We placed a 47R across the output to check the regulation. It got HOT (200mA) but the output voltage remained at 10v. This is classified as “100% regulation” and is an amazing achievement for microscopic components.
The photo shows the surface-mount components added to the top of the PC board. The SS14 Schottky diode is turned 90 degrees so the additional components can be fitted. This is shown in detail in the second photo above.
If you are connecting a 9v battery snap to the output, remember it is being used “in reverse” and the negative lead must be connected to the positive output on the board so the snap can be connected to another snap on a radio or other device needing 9v.


MODULE 2:
The second module is a 3v to 5v PWM boost circuit with an output current of  500mA (or more under ideal conditions).
It can be purchased on eBay for less than $3.00 posted:

DC-DC Power Supply Converter Step Up Boost Module 1A 3V to 5V

It can be "jacked up" to 12v by changing the value of R1 or R2.

There are a number of modules that look exactly like the photos above but the voltage-divider will have different values.
Our module had 20k (203) and (180) where the "180" surface mount resistor was a special value and measured about 150k.
By increasing the value to 270k the output voltage was 8.6v and 330k created an output voltage of 10.5v.

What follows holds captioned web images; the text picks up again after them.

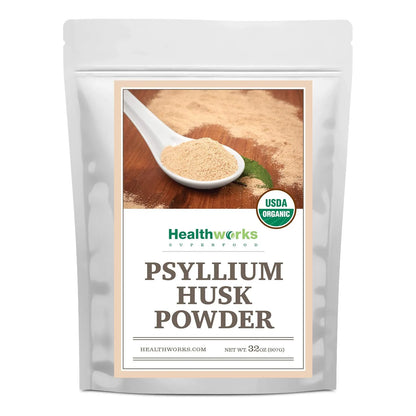 Polvo De Cascara De Psyllium Natural 454 Gramos Healthworks Para Digestión Y Bienestar
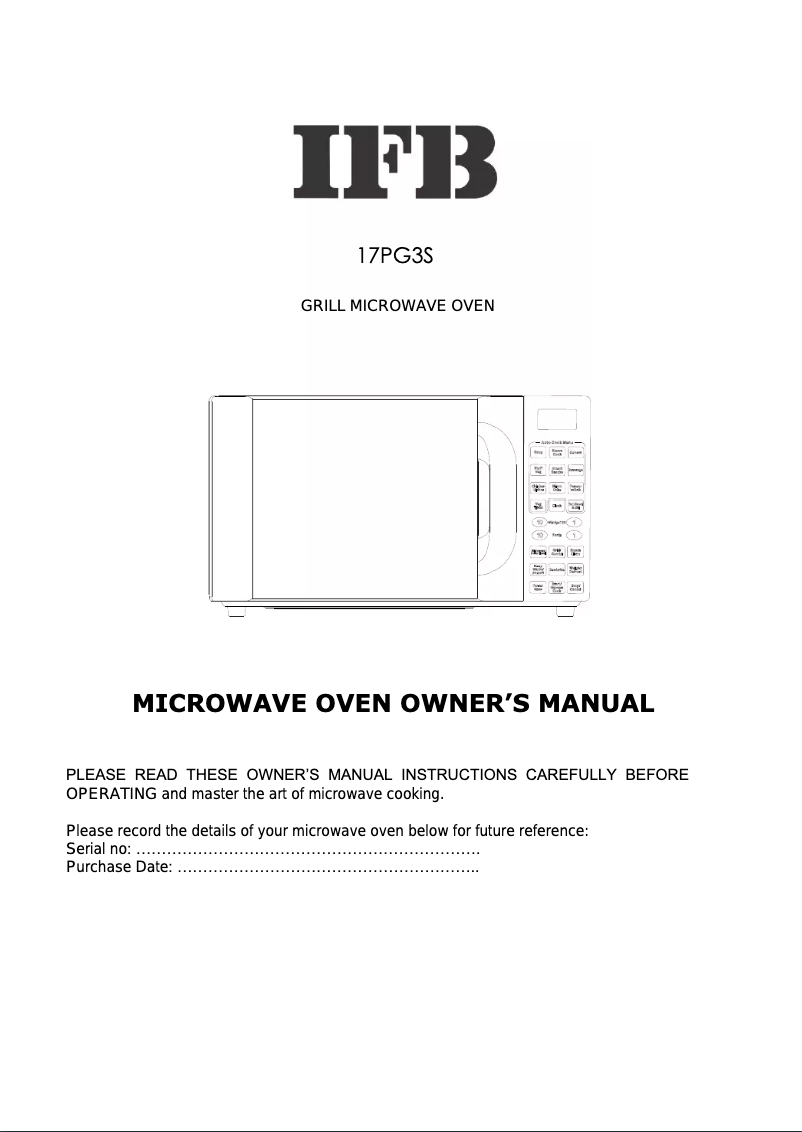 Página 1 del manual Manual de usuario IFB 17PG3S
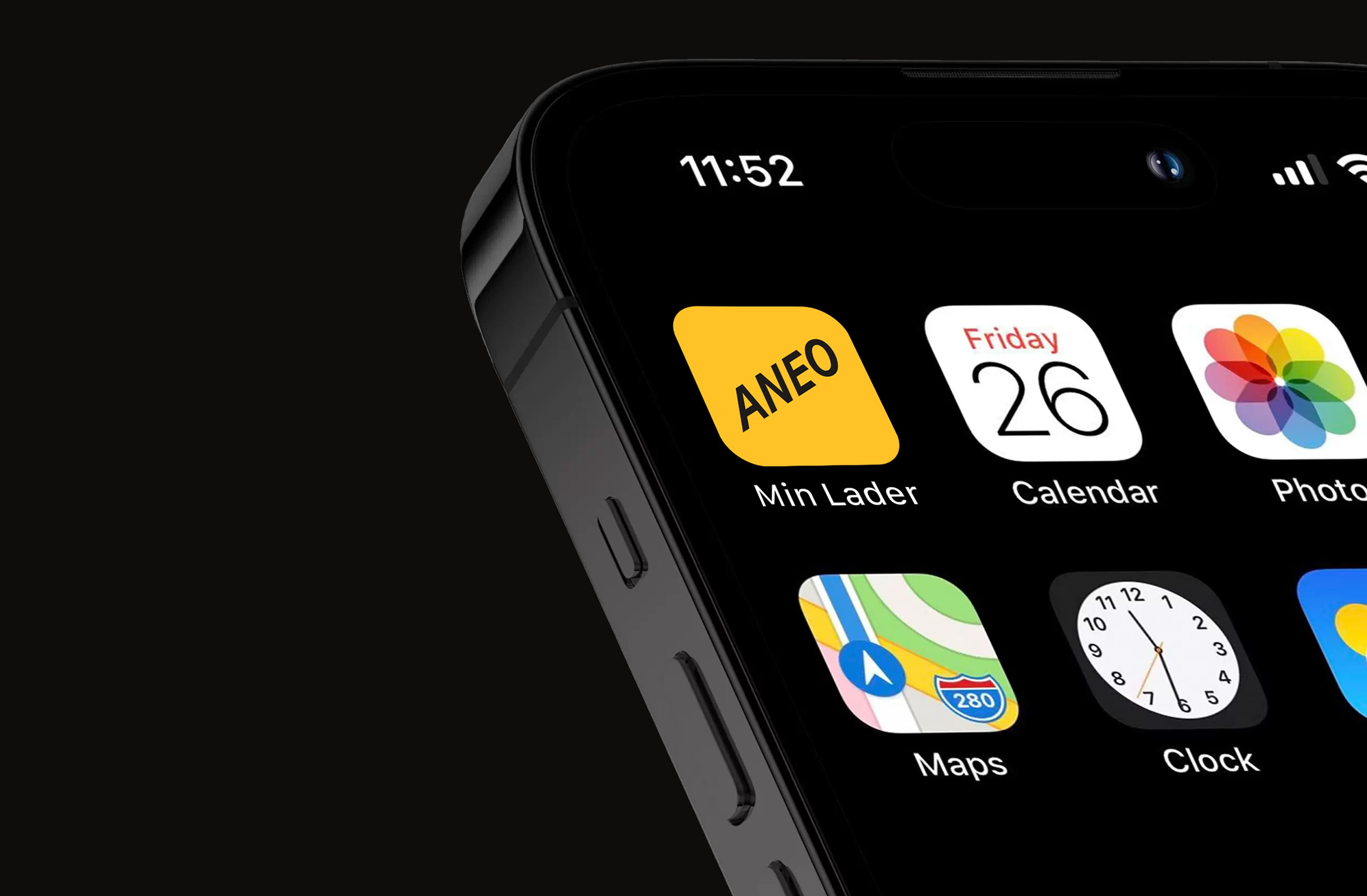 Telefon med Aneo Mobility-appen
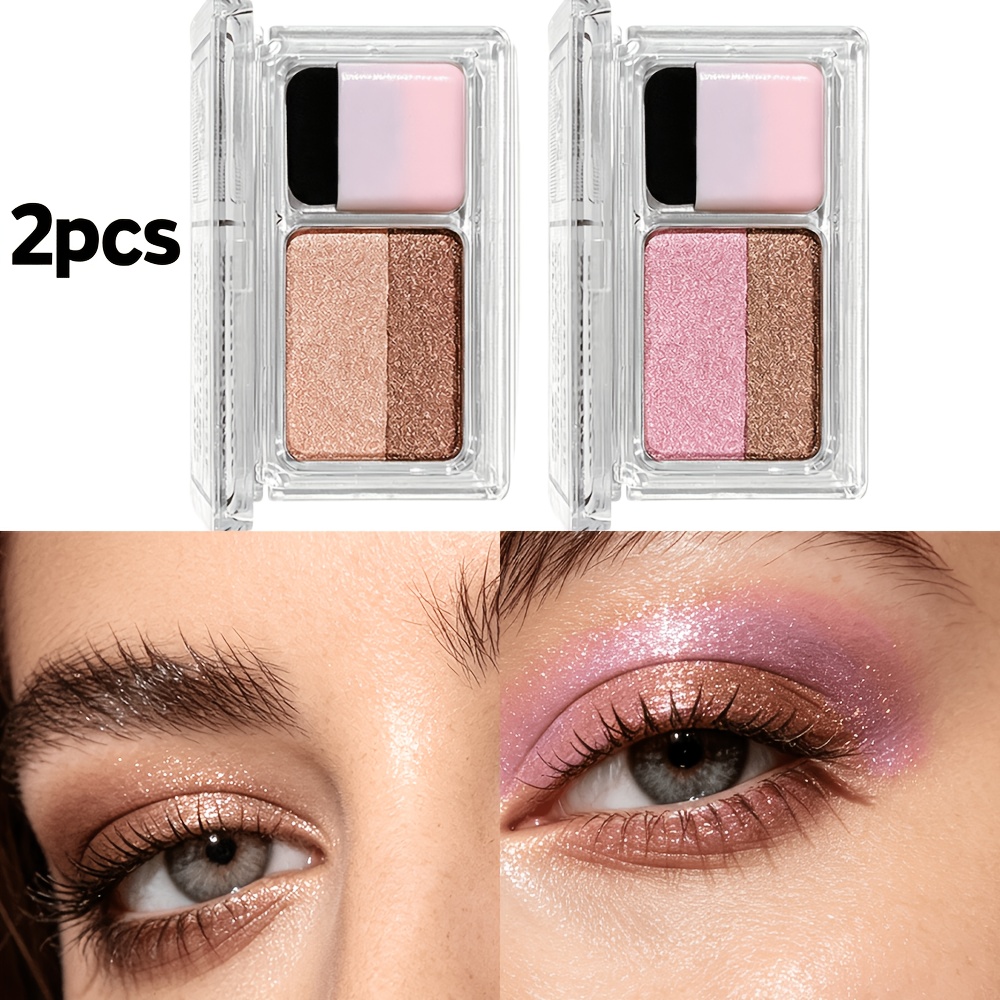 Image of 2pcs Eyeshadow Palette, High Shimmer & Matte Eye Shadow, Long Lasting Waterproof Powder, Soft Smooth Eye Makeup With Sponge Applicator For Daily, Party &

You can adjust this value by using a higher value and placing a 1M or 2M2 on top or altering R2. Don't omit R1or the output voltage will rise above 30v.
FB is the "Feedback" pin or Vreference pin and it needs to see about 1.2v. Rather than going into the formula to determine the output voltage, it is much easier to change the values of R1 and R2 and measure the output.
Increasing R1 will increase the output voltage. And placing a 220k across the 20k resistor will increase the output from 8.6v to 9.4v.   It is much easier to put a resistor across R2 than replace R1.

ooo00000oooo
 

17-6-2013